REFLEXIÓN DE MILKA RINDZINSKI.
Concebido por el Espíritu Santo y nacido de María virgen, el advenimiento de Jesús se sitúa hace más de dos mil años en Belén de Judea. El dejó su trono y su gloria para venir a nacer, vivir, instruir, morir y resucitar, ¡ALELUYA! por mí, por ti, y por cuantos en él confían.
“En él estaba la vida, y la vida era la luz de la humanidad. Esta luz brilla en las tinieblas y las tinieblas no han podido apagarla”, escribió Juan en su evangelio y Pedro declaró, “Tú eres el Cristo, el Hijo del Dios viviente”. “¡Miren, éste es el Cordero de Dios, que quita el pecado del mundo!” dijo Juan el Bautista.
Y Jesús, el Hijo de Dios, tuvo una madre muy especial cuyo protagonismo en la historia del Pueblo de Dios de la cual somos parte por su gracia, es nuestro paradigma, nuestro modelo.
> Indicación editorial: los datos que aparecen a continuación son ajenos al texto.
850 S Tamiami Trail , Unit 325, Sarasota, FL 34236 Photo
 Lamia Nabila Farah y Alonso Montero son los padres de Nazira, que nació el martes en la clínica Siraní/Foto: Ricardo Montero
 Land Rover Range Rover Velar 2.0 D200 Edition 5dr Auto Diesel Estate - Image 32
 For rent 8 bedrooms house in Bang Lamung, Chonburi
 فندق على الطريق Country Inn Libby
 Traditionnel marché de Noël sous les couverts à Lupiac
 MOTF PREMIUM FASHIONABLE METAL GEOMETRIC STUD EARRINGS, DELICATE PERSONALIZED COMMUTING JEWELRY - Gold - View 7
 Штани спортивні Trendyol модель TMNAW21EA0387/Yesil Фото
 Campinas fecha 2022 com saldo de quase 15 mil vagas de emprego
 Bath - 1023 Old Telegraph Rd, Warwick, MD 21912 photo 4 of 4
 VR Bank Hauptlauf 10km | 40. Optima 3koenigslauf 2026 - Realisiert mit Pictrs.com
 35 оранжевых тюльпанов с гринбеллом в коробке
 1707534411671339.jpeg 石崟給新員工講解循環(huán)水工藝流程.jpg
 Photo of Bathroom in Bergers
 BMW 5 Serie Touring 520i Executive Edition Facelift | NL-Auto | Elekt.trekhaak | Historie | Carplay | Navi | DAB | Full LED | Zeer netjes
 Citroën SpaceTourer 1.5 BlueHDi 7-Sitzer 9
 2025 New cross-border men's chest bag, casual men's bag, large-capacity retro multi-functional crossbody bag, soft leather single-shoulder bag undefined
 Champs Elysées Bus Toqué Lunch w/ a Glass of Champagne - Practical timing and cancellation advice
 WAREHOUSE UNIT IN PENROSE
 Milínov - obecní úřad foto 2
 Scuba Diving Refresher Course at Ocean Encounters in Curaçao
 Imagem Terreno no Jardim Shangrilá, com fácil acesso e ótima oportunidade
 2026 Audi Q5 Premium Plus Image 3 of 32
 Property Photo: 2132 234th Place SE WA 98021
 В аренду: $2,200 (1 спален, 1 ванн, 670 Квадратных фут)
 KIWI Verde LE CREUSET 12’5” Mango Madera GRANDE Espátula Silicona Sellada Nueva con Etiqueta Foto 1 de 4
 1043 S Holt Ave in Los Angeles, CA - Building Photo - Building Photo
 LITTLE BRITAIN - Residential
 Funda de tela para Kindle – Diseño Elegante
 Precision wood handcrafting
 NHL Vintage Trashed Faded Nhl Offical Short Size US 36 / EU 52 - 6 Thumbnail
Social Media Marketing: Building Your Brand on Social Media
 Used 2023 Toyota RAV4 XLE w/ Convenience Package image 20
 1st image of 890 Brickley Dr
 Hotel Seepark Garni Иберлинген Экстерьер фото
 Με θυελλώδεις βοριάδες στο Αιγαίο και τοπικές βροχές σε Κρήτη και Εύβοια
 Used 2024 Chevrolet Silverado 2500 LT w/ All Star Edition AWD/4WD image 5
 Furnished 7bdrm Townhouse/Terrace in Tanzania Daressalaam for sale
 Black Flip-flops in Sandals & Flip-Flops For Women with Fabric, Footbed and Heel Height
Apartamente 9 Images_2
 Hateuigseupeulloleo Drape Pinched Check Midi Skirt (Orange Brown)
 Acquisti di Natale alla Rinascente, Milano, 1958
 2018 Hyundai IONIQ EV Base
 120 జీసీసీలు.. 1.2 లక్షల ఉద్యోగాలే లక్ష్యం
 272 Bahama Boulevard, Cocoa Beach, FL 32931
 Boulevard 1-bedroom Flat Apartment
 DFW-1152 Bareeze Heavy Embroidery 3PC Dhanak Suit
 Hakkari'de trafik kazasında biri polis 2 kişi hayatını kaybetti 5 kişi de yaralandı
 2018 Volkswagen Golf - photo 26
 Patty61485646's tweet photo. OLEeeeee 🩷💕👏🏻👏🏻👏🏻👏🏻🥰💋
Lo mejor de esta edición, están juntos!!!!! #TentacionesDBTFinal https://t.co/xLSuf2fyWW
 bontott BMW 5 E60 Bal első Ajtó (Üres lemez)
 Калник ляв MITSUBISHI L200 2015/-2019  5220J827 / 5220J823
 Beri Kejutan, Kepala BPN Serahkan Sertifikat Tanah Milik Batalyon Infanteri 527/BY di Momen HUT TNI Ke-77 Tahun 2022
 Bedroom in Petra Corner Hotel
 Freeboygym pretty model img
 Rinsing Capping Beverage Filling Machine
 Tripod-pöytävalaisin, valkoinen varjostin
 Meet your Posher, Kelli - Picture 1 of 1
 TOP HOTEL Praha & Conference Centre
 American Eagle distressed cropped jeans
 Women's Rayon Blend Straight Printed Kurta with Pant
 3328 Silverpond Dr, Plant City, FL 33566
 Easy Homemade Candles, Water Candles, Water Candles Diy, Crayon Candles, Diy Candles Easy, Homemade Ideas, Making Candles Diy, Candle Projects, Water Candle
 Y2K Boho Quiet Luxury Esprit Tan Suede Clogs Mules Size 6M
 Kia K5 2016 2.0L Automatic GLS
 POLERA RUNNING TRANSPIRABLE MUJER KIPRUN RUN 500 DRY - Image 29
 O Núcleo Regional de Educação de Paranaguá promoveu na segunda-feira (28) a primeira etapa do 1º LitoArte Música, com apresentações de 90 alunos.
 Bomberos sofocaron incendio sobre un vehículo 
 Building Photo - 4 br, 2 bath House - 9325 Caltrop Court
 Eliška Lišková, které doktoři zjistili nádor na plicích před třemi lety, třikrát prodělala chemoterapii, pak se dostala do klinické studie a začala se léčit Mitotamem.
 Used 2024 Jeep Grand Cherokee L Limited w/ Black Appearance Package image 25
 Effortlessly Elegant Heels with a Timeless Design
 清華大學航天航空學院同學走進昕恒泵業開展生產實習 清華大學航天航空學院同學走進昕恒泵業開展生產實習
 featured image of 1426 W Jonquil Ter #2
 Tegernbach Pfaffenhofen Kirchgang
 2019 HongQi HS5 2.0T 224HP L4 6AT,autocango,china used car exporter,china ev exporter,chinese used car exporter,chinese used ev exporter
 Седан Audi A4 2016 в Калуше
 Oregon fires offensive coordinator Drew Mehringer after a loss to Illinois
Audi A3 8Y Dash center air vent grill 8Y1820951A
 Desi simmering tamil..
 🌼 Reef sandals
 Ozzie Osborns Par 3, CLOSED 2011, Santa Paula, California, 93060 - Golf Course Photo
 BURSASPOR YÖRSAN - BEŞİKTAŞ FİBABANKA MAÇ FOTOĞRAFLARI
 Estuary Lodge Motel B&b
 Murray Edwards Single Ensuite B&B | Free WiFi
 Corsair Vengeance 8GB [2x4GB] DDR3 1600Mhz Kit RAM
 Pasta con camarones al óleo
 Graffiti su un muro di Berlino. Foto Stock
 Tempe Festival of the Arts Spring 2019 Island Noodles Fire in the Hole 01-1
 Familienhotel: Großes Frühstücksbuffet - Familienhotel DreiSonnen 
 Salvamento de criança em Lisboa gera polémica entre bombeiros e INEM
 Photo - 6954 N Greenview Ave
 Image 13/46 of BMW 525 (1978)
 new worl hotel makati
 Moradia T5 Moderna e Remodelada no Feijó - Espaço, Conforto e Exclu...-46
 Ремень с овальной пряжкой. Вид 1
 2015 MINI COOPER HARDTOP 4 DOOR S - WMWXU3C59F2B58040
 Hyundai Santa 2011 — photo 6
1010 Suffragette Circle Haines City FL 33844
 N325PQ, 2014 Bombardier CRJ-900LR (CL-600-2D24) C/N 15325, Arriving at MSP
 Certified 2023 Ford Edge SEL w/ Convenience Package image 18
María era una mujer judía muy joven y muy humana que según el relato de Lucas se sorprende por la visita del ángel, queda perpleja ante el mensaje divino del que es portador y lo cuestiona, porque en sus circunstancias le resulta increíble.
Sin embargo, una vez que escucha la aclaración, y aunque no desconoce las posibles consecuencias, es decir, el riesgo de morir apedreada y de ser rechazada por los suyos, incluso por José, su prometido, acepta el plan divino: —Yo soy esclava del Señor; que Dios haga conmigo como has dicho.
Y es otra mujer, Isabel, quien se lo confirma, y la llama dichosa, porque hasta el hijo que Isabel lleva en sus entrañas salta de alegría cuando María se acerca.